HSBC Holdings Plc (HBC, HSBA.L) reported Monday a higher profit for its first half, with strong growth in all regions along with sharp decline in loan impairment and other credit risk provisions. The bank also said it plans to cut 30,000 jobs by the end of 2013 as part of a broader cost-cutting drive. The shares are currently trading higher on LSE.
Profit attributable to shareholders of the parent climbed 35 percent to $9.22 billion from $6.76 billion a year ago. Earnings per ordinary share grew to $0.50 from $0.38 last year.
First-half pre-tax profit of $11.47 billion was 3.3 percent higher than prior year's $11.10 billion.
Net assets per share increased 17 percent to $8.59 from $7.35 in the previous year.
Profit growth in commercial banking and Retail Banking and Wealth Management divisions were partly offset by lower result in Global Banking and Markets.
Revenues, i.e., net operating income before loan impairment charges and other credit risk provisions, edged up 0.4 percent to $35.69 billion from $35.55 billion a year ago.

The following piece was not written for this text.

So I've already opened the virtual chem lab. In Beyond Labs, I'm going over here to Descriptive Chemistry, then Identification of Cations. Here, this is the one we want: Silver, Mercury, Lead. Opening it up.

For the period, loan impairment and other credit risk provisions fell 30 percent year-over-year to $5.3 billion.
The company recorded double-digit revenue growth in Hong Kong, Rest of Asia-Pacific and Latin America, while revenue declined in the U.S. as expected, as the company continued to manage down balances in the run-off portfolios.
Half-yearly net interest income totaled $20.235 billion, 2.4 percent higher than $19.76 billion last year.

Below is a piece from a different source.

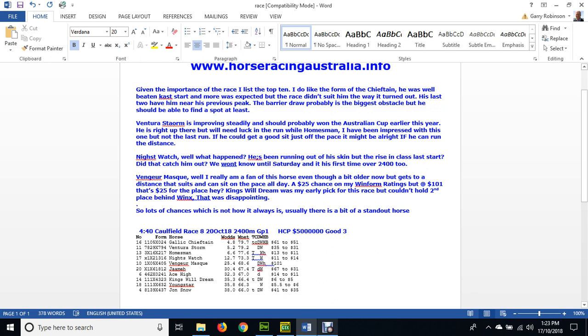I've listed the top 10 here. I like the form of the Chieftain - he was well beaten last start and more was expected. Didn't suit him the way the race turned out. Of course we saw Yucatan take off and clear out on them all. His last two runs have got him near his previous peak. The barrier is the biggest obstacle, but he might be able to find a reasonable spot coming along the outside.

The core tier 1 ratio remained strong at 10.8 percent, higher than 9.9 percent as of June 30, 2010.
Further, the Directors declared a second interim dividend of $0.09 per ordinary share. Total dividends for the year would be $0.18 per share, up 12.5 percent from last year.

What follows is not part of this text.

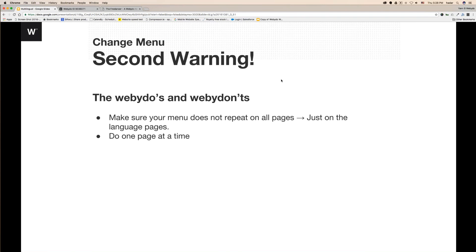Make sure your menu does not repeat on all pages — just on its language-specific pages. I always suggest doing one page at a time when translating: duplicate the first page, move it to the folder, work on it, then move to the next. Every time you duplicate a page, it keeps the name in the menu and ends up at the bottom, so watch out. The workflow is: duplicate it, transfer it, then work with it. This is extremely important.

Looking ahead, the company said it remains positive on the outlook for emerging markets, while growth in the US and Europe is likely to remain sluggish as long as the impact of high debt levels and government budget cuts weigh on economic activity.
In addition, HSBC said it would cut a further 25,000 jobs between now and 2013 as part of a broader cost-cutting drive. The firm targets $2.5 billion - $3.5 billion of sustainable cost savings by 2013. Since the start of 2011, the company has begun operational restructurings in Latin America, the US, the UK, France and the Middle East which would reduce headcount by around 5,000.
HBC is currently trading at $51.33 in pre-market activity, up $2.46 or 5.03 percent.
HSBA.L is currently trading at 623.10 pence, up 28.60 pence or 4.81 percent.